3- Irak'ın sınırları ve bağımsızlık saygınlığı korunmalıdır.
Avatoday: Irak, İran ve ABD arasında olası bir savaştan korkmakta, özelikle de Irak içindeki Haşdi Şabi'li bazı gurupların İran'ı desteklemeleri söz konusu iken acaba Irak bu gurupları kontrol altına alabilir mi?
Qanbar: Bu hayati meseleyi Irak tarafı ciddi ele almalı ve sert bir tutum takınmalı. Sadece o gurupları değil Irak'ın içinde çalışan İran Muhafızlar Ordusuna bağlı onlarca şirket var, hepsi engellenmeli. Çünkü pasdaran artık ABD'nin terör listesinde yer almaktadır. Ayriyeten o militarist gurupların bazı üyeleri ABD'nin o listesinde adlarının olmasına rağmen devletten maş alıyor. Bunların hepsi Irak'ın geleceğini ve halkı için tehdit teşkil etmektedir. Öyle ki Irak'ın İran ile bu ilişkileri dolayısıyla cezaya tabi tutulabilir. Irak bu konuda riskli de olsa daha sorumluluk taşıyan bir tavır sergilemeli, yoksa Irak ateşe atılır ve tüm siyasilerle birlikte iyi kötü demeden her kes yanacaktır.

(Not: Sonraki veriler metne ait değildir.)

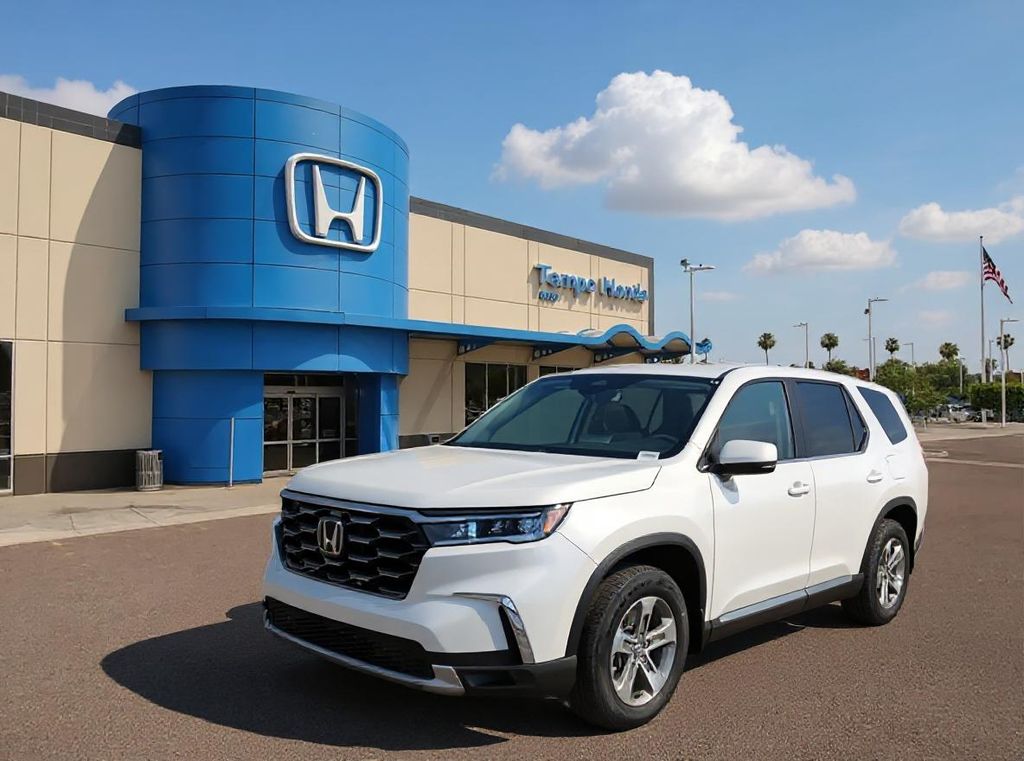 2025 Honda Pilot EX-L's photo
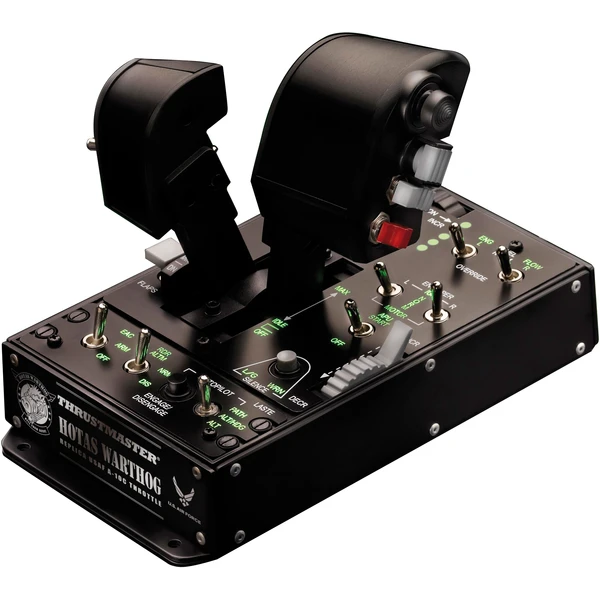 Thrustmaster plynové páky HOTAS Warthog - Joysticky - Hlavní obrázek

İran bu konuda ne Başbakan Adil Abudulmehdi'yi ne de Irak halkını takıyor. Irak'ın güvenliğini ve istikrarını hiç önemsemiyor. Onun için İran'ı doğrudan savaşmaktan uzak tutmak Irak'ın istikrarı ve emniyetinin bozulma pahasında olsa bile çok normal bir şeydir. Maalesef ufukta görünen de bunun olacağıdır. O yüzden Irak tarihi kararını verip Haşdi Şabi'yi lağvetmeli. Siyasi yollarala yapılamıyorsa güç kullanarak bunu yapmalı ki Irak'ın ve halkının geleceğini bu tehlikeden korumalı.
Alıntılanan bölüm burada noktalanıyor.